The conference on Church sex abuse opened four days ago at the Vatican with great fanfare.  The first two days focused on the responsibility of church leaders in tending to their flocks and how the padres, bishops must be held accountable if they fail to properly protect young people from predators. Saturday, meanwhile, was dedicated to issues of transparency and "breaking the code of silence" that enables so many padre predators to escape punishment or any accountability.

On the final day (yesterday), it appeared the convened prelates had finally gotten serious with the pederast filth running amuck, at least from the rhetoric. The Pope, for example, called the guilty priests "tools of Satan" and the sex abuse itself  "an abominable crime that must be erased from the face of the Earth."  Even a single case was referred to as "an atrocity".  Stirring words and sentiments but does he (or the Curia) really mean it?  

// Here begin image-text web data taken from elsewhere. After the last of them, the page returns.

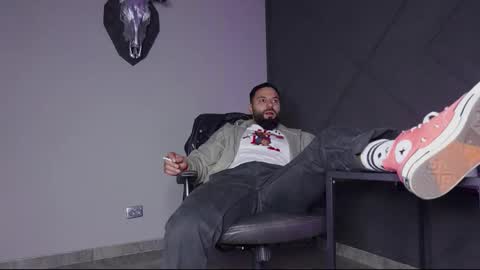 Snapshot of glennmasters chatting on 09-17-25, 03:41 Matthew .. for short call me Matt online show from 09-17-25, 03:41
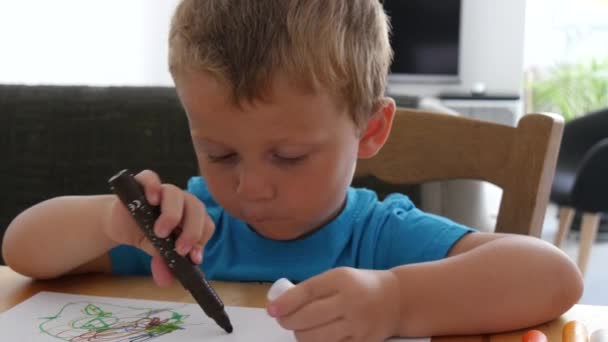 Kleiner Süßer Junge Zeichnet Buntstifte Auf Ein Blatt Papier — Stockvideo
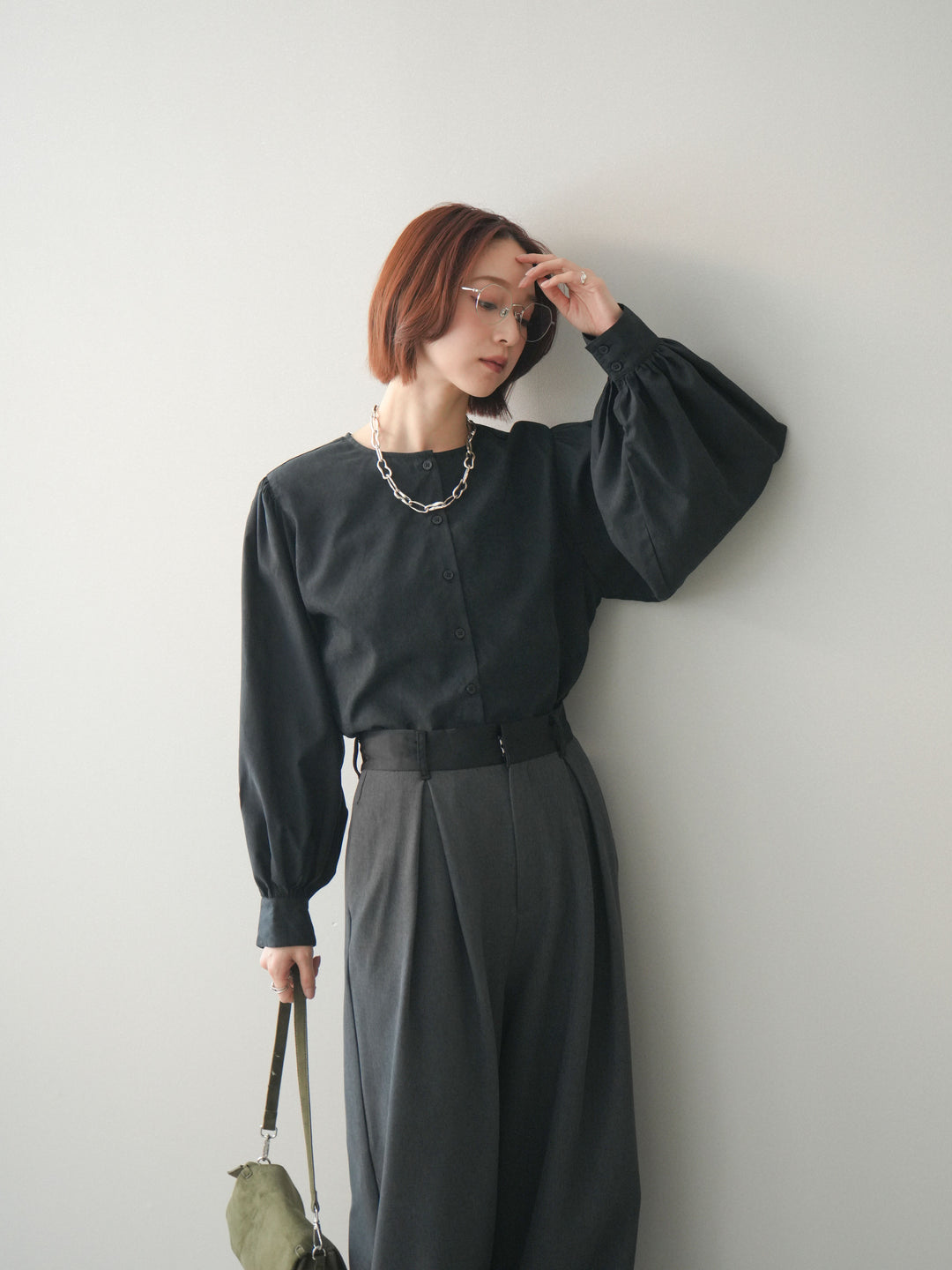 [予約]2WAYピーチスキンボリュームスリーブブラウス/black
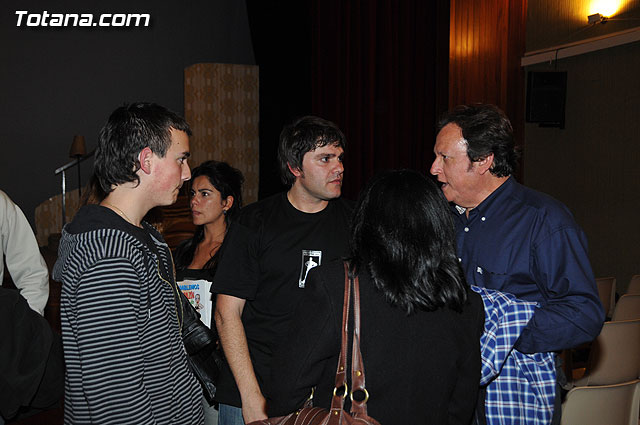 Calurosa acogida del pblico en la puesta en escena de la obra de teatro “Hablemos a calzn quitado” - 54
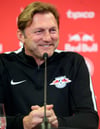 RB-Leipzig-Trainer Hasenhüttl stellt sich den Fragen der Journalisten bei der Pressekonferenz.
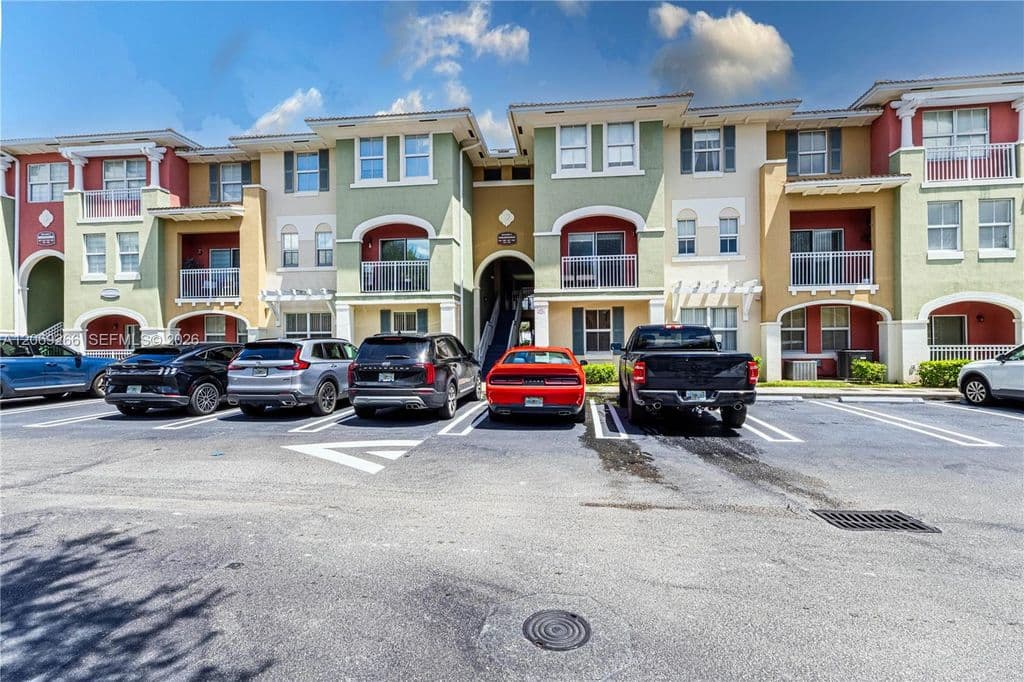 3+1 Mülk — 11103 NW 83rd St APT 207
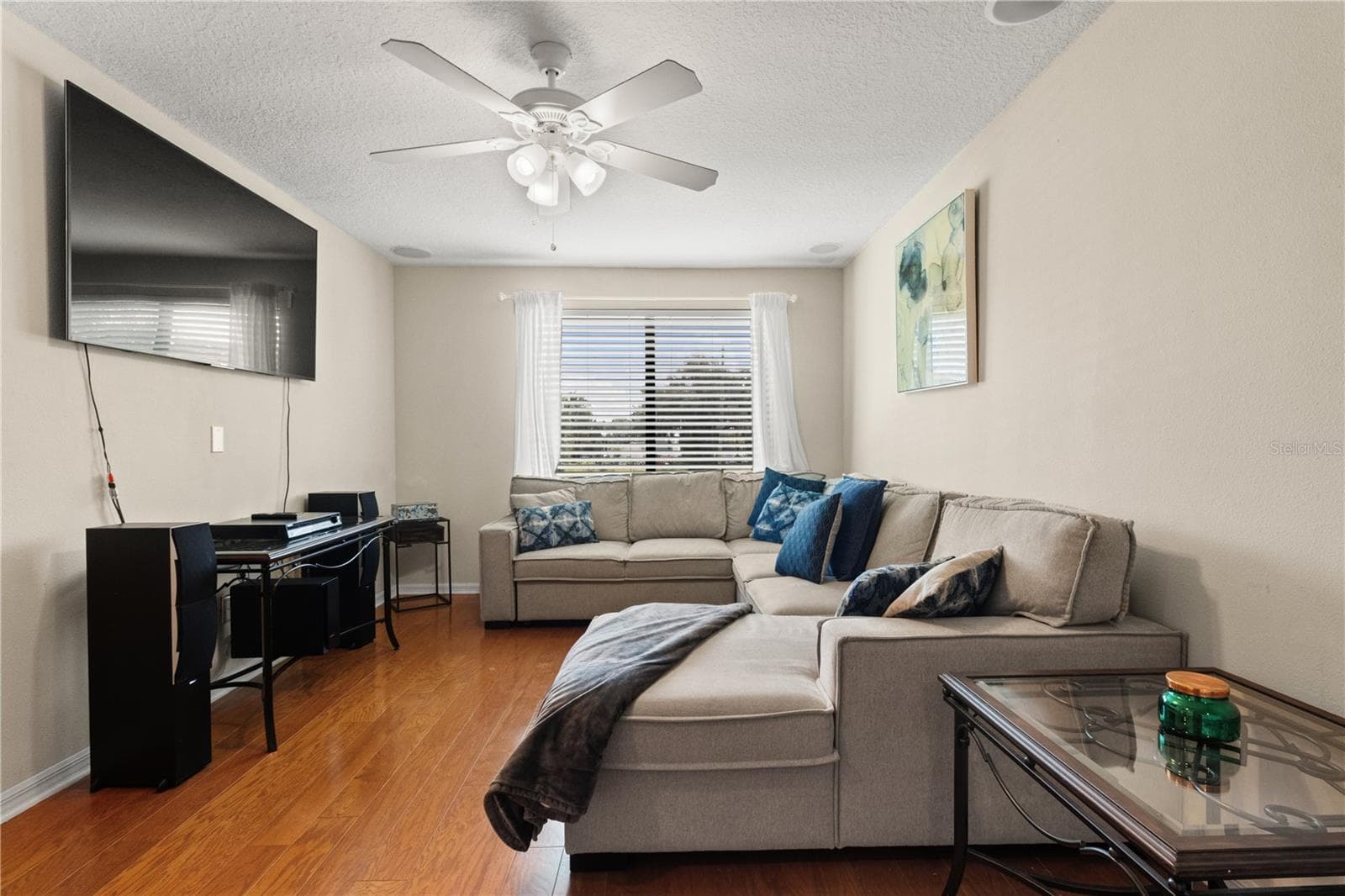 The upstairs loft is the perfect secluded retreat - 5824 FISH CROW PL, LAND O LAKES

Not according to a former nun (Mary Dispensa) from Seattle who was raped by a padre at age seven. Asked last night (on the ABC News) what was missing from the Pope's speech,  she told ABC reporter, Ann Thompson, :

"Action. Quick, swift action!"

Adding:

"Not one more child is safer after four days, because talking doesn't do it."   

That seemed to be the consensus view of many victims, interviewed in the wake of the confab, either on assorted news shows or in the print media (like the WSJ, Financial Times). Indeed, quoted in today's WSJ ('Pope's Abuse Stance Disappoints Some', p. A6) we behold this reaction from Francesco Cesareo, chairman of the National Review Board, an organization that advises Bishops on child protection:

"I didn't see any concrete actions in the text. It's a lot of words that have been spoken over and over again."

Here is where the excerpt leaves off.